With the interminable recession finally receding, and the endless winter storms drifting out toward Biscay, there's a palpable confidence and pep abroad in the city by the Lee.
"Tis all on the up and up, boy," as they say around these parts.
The opening last week of One Albert Quay, dubbed 'Ireland's smartest building', marked another visible stride in Cork's long-awaited renaissance. A glass and granite behemoth with enough ergonomic technology to tick every environmentalist's fantasy wish list, it bristles with big-buck salaries, office 'think pods' and a panoramic rooftop café.

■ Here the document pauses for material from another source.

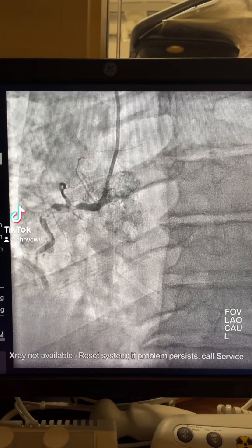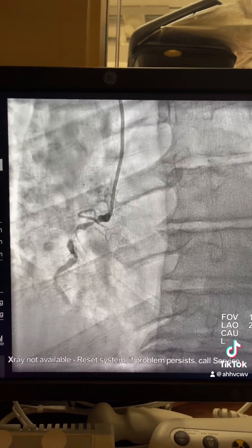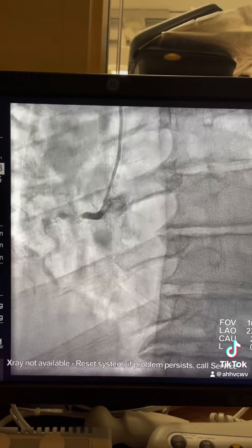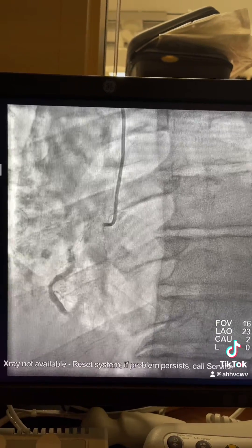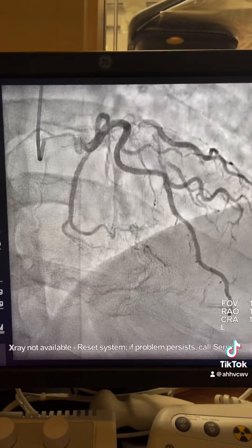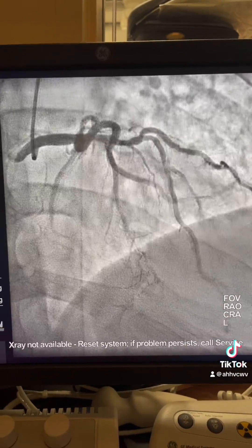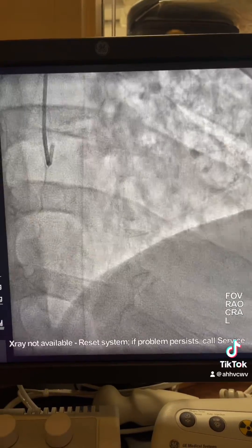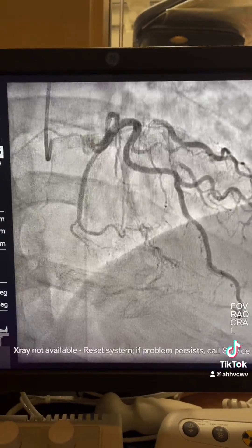The second CTO for today: radial case, occluded RCA, outpatient referral, left system. Had some disease in the LAD diagonal but well collaterals to the RCA.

"It is Ireland's smartest, and I would say, coolest building," said Donal Sullivan, managing director of Tyco, which has taken over the top floors.
Cranes are also once again dotting the Cork cityscape, with major construction projects rumbling into reality around the Brewery Quarter, the Capitol Complex and the Docklands.
Even the constant traffic snarl from dumper trucks and blocked footpaths isn't bothering the sanguine citizens of Leeside.
"Progress all around us, Cha boy, a whole new city with every chippie and brickie on a grand a week!" as the legendary Miah might have commented.
As the mild winds of May blow the cherry blossoms across Grand Parade, enthusiastic clots of German and French tourists clog the footpaths in search of Frank O'Connor and Sean O'Faolain's long gone laneways. "Please can you tell where ist My First Confession church?" they demand. "You have me there, love," we reply kindly. "But you might catch George Hook and Eddie Hobbs in the Imperial bar if you hurry."
Given Cork has no shortage of beautiful boozers to choose from, it seems a glaring oversight that no literary pub crawl is plying the visiting throngs with entertaining tales of author excess and thespian terror.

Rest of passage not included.